List prices for hospital procedures might reflect strategic business decisions, but they are not strongly correlated with the quality of care provided, according to a study published Monday in Health Affairs,.
Hospital "chargemasters"—or the prices that a hospital lists for a given procedure—do not represent the actual amount that an insurance company or uninsured patient would pay for a procedure. List prices vary widely across hospitals and, on average, are set more than three times what hospitals ultimately are paid for providing care. According to study authors Michael Batty, an economist at the Federal Reserve Board, and Benedic Ippolito, an economist at the American Enterprise Institute, hospitals often set the list prices high in an effort to gain leverage when negotiating with third party payers.
Some observers argue that high list prices can pose a heavy burden on uninsured patients and, increasingly, are contributing to surprise medical bills among insured patients who are treated by an out-of-network provider.
But, to date, the authors note that "it has been difficult to understand the role that list prices play in health care," in part "because hospitals are reluctant to reveal how they set list prices, and because information on confidentially negotiated payments is limited."
For the study, Batty and Ippolito examined information from different data sets to examine list price variation, as well as the effect they have on payments and quality of care.
To measure list price variation, the researchers used 2014 inpatient Medicare Provider Utilization and Payment Data that included 3,230 U.S. hospitals. The Medicare data showed the average amount hospitals billed to the program and the subsequent payment for each hospital-diagnosis-related group observation.
To measure how list prices varied among different types of hospitals, the researchers used data from the Nationwide Inpatient Sample (NIS) database from the Healthcare Cost and Utilization Project of the Agency for Healthcare Research and Quality.
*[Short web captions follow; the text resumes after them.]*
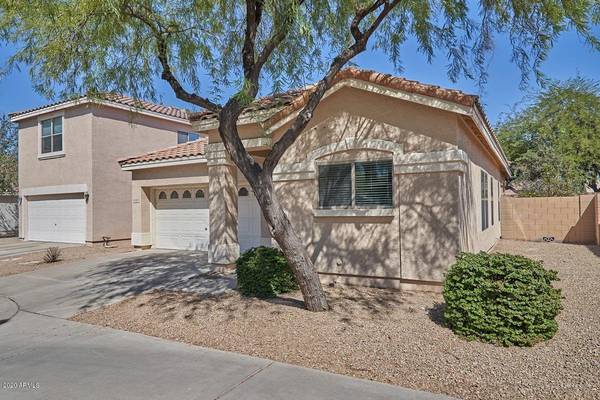 Chandler, AZ 85286,1325 S MOSLEY Court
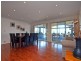2 Pinot Place, Mount Martha VIC 3934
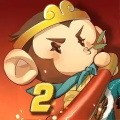 摩登西游2游戏免广告版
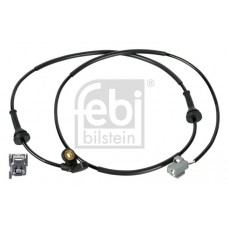 172610 FEBI BILSTEIN Датчик частота обертання колеса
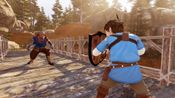 Beast Quest (Xbox One) Xbox Live Key UNITED STATES for sale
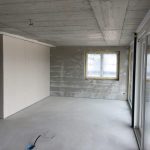 Wohnanlage Lustenau 04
The data spanned 2,496 U.S. hospitals from 2007 to 2011.
To study how list prices affected payments, the researchers analyzed payment figures collected by California's Office of Statewide Health Planning and Development between 2002 and 2013.
Overall, the researchers found a positive relationship between higher prices and higher payments, though in some instances the relationship was casual. Specifically, the researchers found that, between 2002 and 2013, an additional dollar in list prices for a service was associated with an additional 15 cents in payment from private insurers.
However, the researchers found the higher prices did not correlate to higher quality of care and varied significantly among hospitals. For instance, they found the 25- and 75-percentile list prices for hip replacement surgery, which was the most common procedure examined, varied from $39,100 to $71,600.
The researchers also observed that large, for-profit, urban hospitals generally had higher list prices than smaller, independent, not-for-profit hospitals in rural areas.
Researchers say Calif. could be national model
The researchers noted that many states are trying to address the problem of surprise medical bills, and suggest California's Fair Pricing Act, implemented in 2006, could serve as a national model.
The California law limited the amount hospitals could charge uninsured patients with household incomes under 350 percent of the federal poverty level.
Before the law took effect, the researchers observed that an additional dollar in list price was associated with about a 20 cent increase in payments from uninsured patients. The researchers found that the law's implementation eliminated that difference, but higher payments for privately insured patients remain.
Ippolito said the research underscores how lucrative privately insured patients have become for hospitals when compared with patients covered by government health programs. "Overall, Medicare and Medicaid margins have been very flat for the last 10 years. But the margins hospitals are getting from private insurers have really exploded," he said, adding, "Privately insured patients have become more and more valuable over time."
George Nation, a professor of law and business at Lehigh University, said a free market could help control prices. "I don't like government control but the market is broken here. You either have to have the government take more control or add more transparency to give the consumers more choice and allow the markets to function. There is a lot of money at stake," Nation said.
Hospital industry officials defended the higher list prices, saying they can help hospitals bargain with insurers.
Jan Emerson-Shea, a vice president at the California Hospital Association, said, "Hospitals push up prices by a dollar, but you're not getting that dollar. It becomes a negotiating tactic," adding, "The cost of delivering care continues to go up, too" (Kacik, Modern Healthcare, 4/3; Terhune, Kaiser Health News, 4/3; Haefner, Becker's Hospital CFO, 4/4).